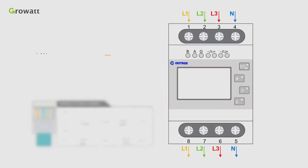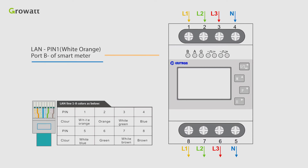Secondly, connect the lamp pin 1, white orange, to port B of the smart meter, and lamp pin 5, white blue, to port A plus of the smart meter.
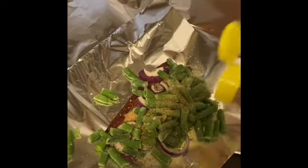We're going to add a little bit of Mrs. Dash, and then we're going to wrap that up.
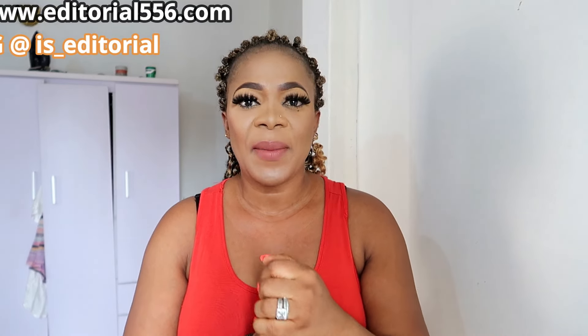Hey guys, welcome back to another video and welcome back to this channel. In today's video I'm actually going to be showing you an amazing face drops. You basically drop it on your face however many drops you want and you're going to see your skin changing for good — your face is going to begin to get better.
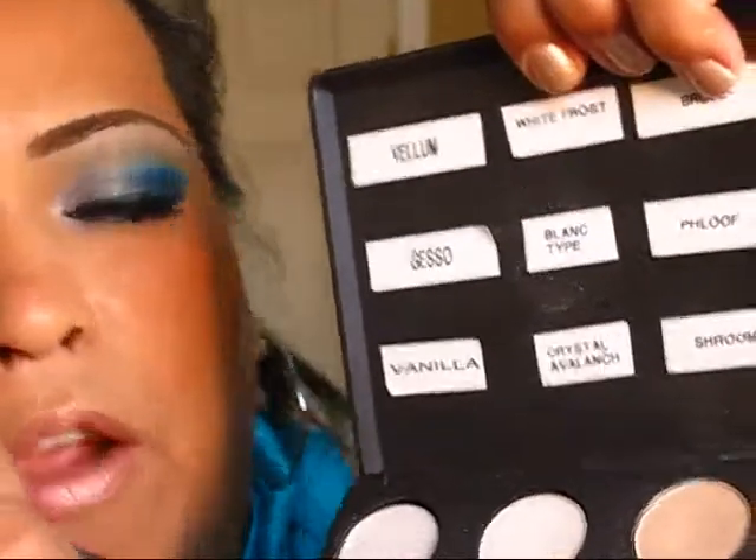For the highlight I'm going to take the 227 matte brush and I'm going to be applying Gesso right there.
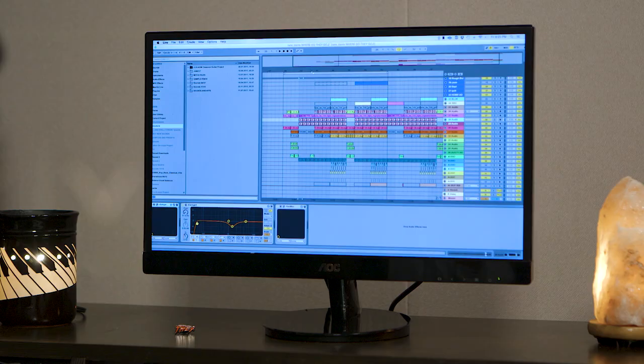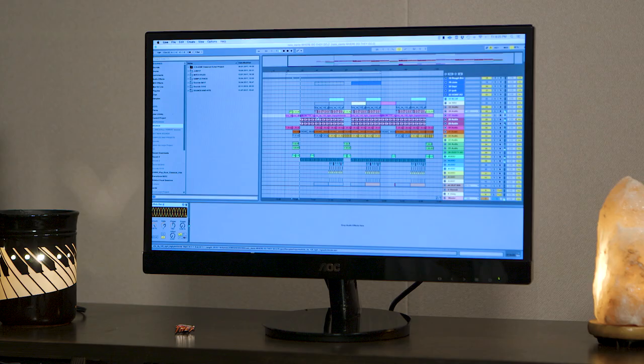So I've got a session pulled up here. This is just a basic little music idea that I was kind of working on — just kind of a guitar loop with a little bit of atmosphere going on.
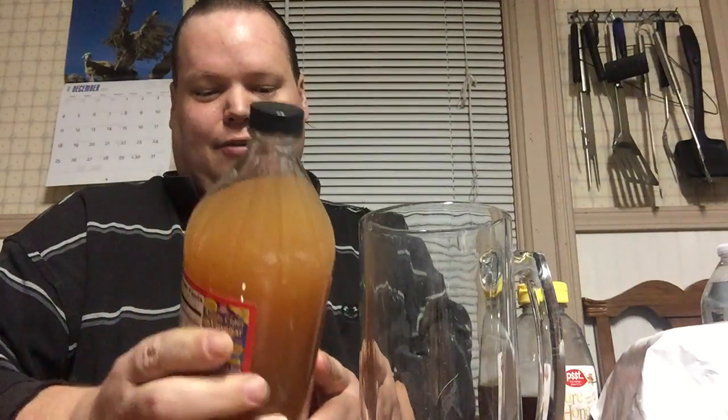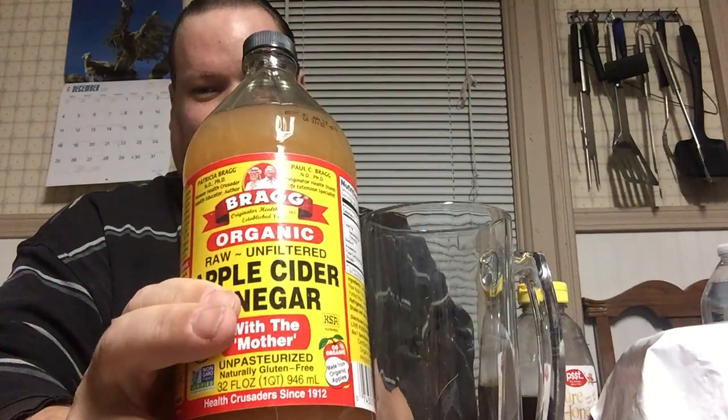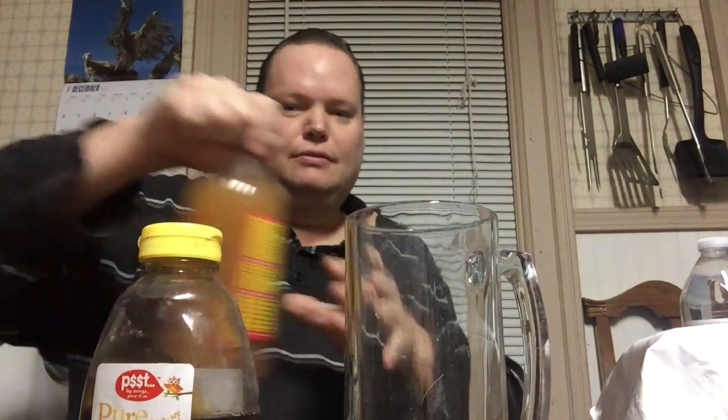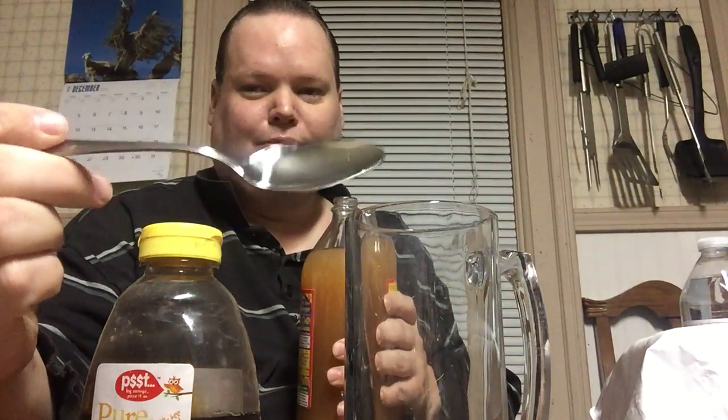So I bought some organic raw unfiltered apple cider vinegar with the mother. I heard that along with lowering blood sugar, you're supposed to do a lot of other things, but I heard the taste is horrible and you gotta mix it with something because it eats the enamel off your teeth. Someone recommended putting a couple drops of honey in to help the flavor. I've got a tablespoon — a regular tablespoon, not a teaspoon.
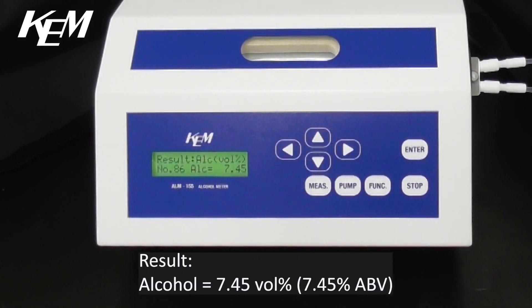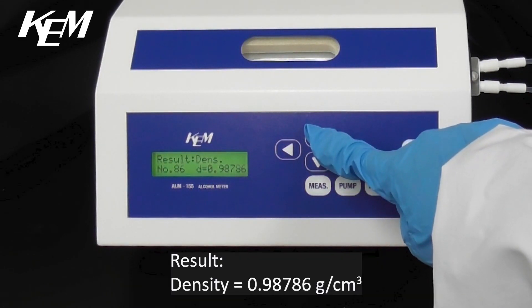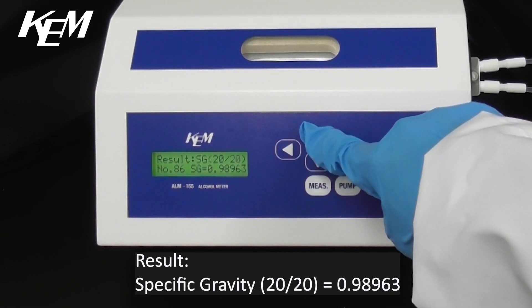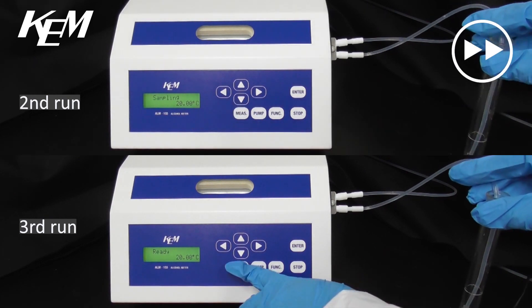Result for alcohol: 7.45% alcohol by volume. Density is 0.98786 grams per cubic centimeter and specific gravity is 0.98963. In total we will measure the sample in triplicate to confirm the repeatability of measurement.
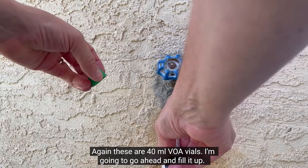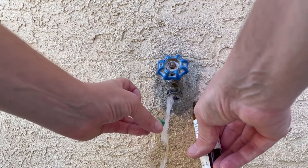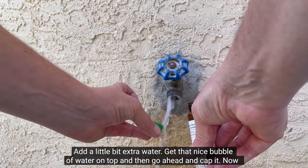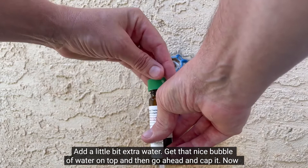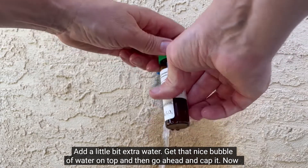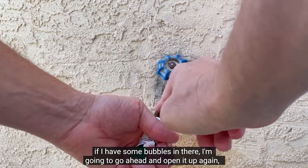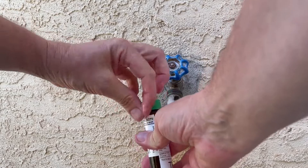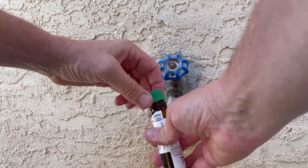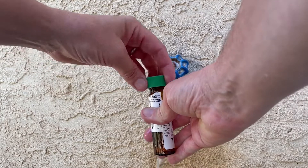I'm going to go ahead and fill it up, add a little bit of extra water, get that nice bubble of water on top, and then cap it. If I have some bubbles in there, I'm going to go ahead and open it up again, add a little bit more water, and then recap it.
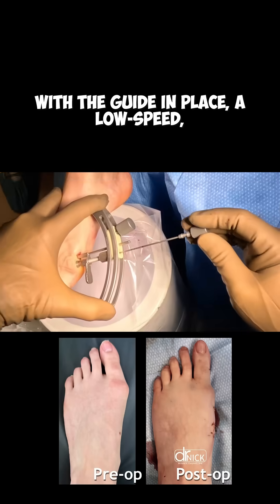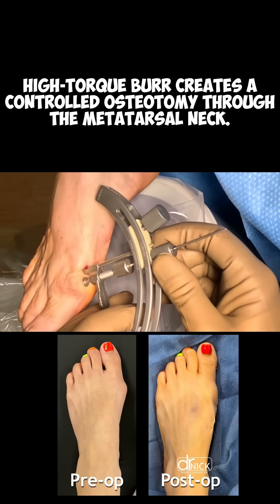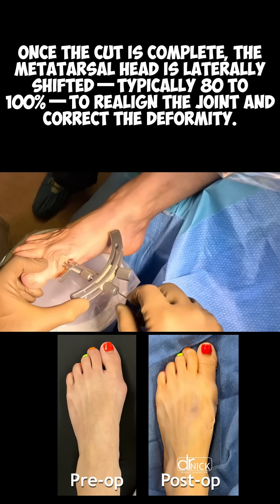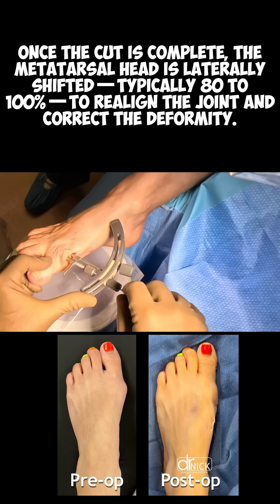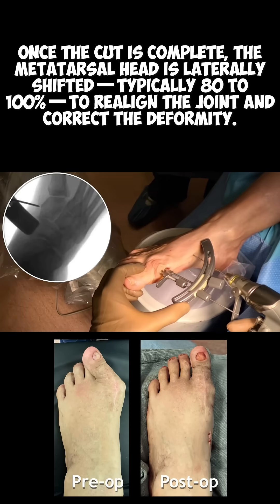With the guide in place, a low speed, high torque burr creates a controlled osteotomy through the metatarsal neck. Once the cut is complete, the metatarsal head is laterally shifted — typically 80-100% — to realign the joint and correct the deformity.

Instructions for the task =
If a picture sits between the line containing "We're going to add" and the line containing "For the highlight", leave it out, and return the lines of that range above exactly, both ends included.

Answer to this exercise =
We're going to add a little bit of Mrs. Dash, and then we're going to wrap that up.
Hey guys, welcome back to another video and welcome back to this channel. In today's video I'm actually going to be showing you an amazing face drops. You basically drop it on your face however many drops you want and you're going to see your skin changing for good — your face is going to begin to get better.
For the highlight I'm going to take the 227 matte brush and I'm going to be applying Gesso right there.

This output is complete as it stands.